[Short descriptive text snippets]
☆ ☆ ☆ ☆

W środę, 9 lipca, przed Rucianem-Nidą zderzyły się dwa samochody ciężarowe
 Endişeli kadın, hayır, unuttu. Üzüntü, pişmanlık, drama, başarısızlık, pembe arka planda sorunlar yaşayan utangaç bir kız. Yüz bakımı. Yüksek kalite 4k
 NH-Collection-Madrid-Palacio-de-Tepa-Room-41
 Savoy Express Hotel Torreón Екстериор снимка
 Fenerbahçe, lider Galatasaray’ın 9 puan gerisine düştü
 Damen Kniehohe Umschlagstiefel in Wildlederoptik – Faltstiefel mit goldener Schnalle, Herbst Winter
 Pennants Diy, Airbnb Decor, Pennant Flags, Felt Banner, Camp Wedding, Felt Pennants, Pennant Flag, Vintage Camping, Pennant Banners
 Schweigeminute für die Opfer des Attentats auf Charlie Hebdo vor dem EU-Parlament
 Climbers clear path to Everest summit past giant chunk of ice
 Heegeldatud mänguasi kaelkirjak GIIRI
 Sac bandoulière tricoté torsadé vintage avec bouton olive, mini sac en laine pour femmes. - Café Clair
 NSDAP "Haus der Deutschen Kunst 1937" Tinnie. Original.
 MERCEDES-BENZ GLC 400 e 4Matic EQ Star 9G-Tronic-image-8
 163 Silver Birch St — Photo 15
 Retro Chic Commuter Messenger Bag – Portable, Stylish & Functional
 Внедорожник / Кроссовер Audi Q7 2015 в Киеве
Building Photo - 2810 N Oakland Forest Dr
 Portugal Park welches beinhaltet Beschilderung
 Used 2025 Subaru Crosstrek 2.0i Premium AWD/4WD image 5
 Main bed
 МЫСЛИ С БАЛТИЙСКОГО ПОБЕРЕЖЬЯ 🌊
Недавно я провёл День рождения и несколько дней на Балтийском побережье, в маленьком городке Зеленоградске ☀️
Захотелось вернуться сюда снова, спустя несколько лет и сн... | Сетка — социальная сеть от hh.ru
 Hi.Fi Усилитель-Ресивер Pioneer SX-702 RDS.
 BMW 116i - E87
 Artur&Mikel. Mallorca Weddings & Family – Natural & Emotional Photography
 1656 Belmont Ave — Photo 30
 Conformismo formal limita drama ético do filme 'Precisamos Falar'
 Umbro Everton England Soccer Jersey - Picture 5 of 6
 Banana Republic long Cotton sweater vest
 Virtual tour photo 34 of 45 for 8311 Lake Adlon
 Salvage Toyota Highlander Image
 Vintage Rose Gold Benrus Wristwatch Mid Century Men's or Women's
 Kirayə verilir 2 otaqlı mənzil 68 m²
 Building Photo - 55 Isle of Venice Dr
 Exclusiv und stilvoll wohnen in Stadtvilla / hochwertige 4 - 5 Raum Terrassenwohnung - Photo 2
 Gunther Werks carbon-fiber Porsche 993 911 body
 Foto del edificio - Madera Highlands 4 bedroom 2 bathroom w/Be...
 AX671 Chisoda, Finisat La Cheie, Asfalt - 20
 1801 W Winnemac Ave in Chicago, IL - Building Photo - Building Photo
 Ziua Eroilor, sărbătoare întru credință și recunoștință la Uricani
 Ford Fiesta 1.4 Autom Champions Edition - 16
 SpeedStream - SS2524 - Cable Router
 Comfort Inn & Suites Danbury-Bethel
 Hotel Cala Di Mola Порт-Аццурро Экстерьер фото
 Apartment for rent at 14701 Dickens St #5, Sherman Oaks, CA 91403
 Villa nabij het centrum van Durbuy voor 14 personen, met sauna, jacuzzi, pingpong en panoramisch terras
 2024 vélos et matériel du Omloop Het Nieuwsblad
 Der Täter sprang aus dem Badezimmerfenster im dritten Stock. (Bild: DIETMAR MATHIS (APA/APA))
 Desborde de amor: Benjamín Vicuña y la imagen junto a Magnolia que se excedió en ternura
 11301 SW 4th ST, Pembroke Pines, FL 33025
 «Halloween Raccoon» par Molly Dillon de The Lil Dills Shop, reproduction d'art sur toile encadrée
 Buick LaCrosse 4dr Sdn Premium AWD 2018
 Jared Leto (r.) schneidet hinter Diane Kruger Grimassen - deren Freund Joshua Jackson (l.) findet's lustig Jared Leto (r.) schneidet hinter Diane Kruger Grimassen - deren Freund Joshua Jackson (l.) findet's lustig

☆ ☆ ☆ ☆

- **Instructions to follow**
Retype only the stretch of lines above starting at the one with "NH-Collection-Madrid-Palacio-de-Tepa-Room-41" and stopping at the one with "Heegeldatud mänguasi kaelkirjak GIIRI", exactly as written, with both kept.

- **Solved problem**
 NH-Collection-Madrid-Palacio-de-Tepa-Room-41
 Savoy Express Hotel Torreón Екстериор снимка
 Fenerbahçe, lider Galatasaray’ın 9 puan gerisine düştü
 Damen Kniehohe Umschlagstiefel in Wildlederoptik – Faltstiefel mit goldener Schnalle, Herbst Winter
 Pennants Diy, Airbnb Decor, Pennant Flags, Felt Banner, Camp Wedding, Felt Pennants, Pennant Flag, Vintage Camping, Pennant Banners
 Schweigeminute für die Opfer des Attentats auf Charlie Hebdo vor dem EU-Parlament
 Climbers clear path to Everest summit past giant chunk of ice
 Heegeldatud mänguasi kaelkirjak GIIRI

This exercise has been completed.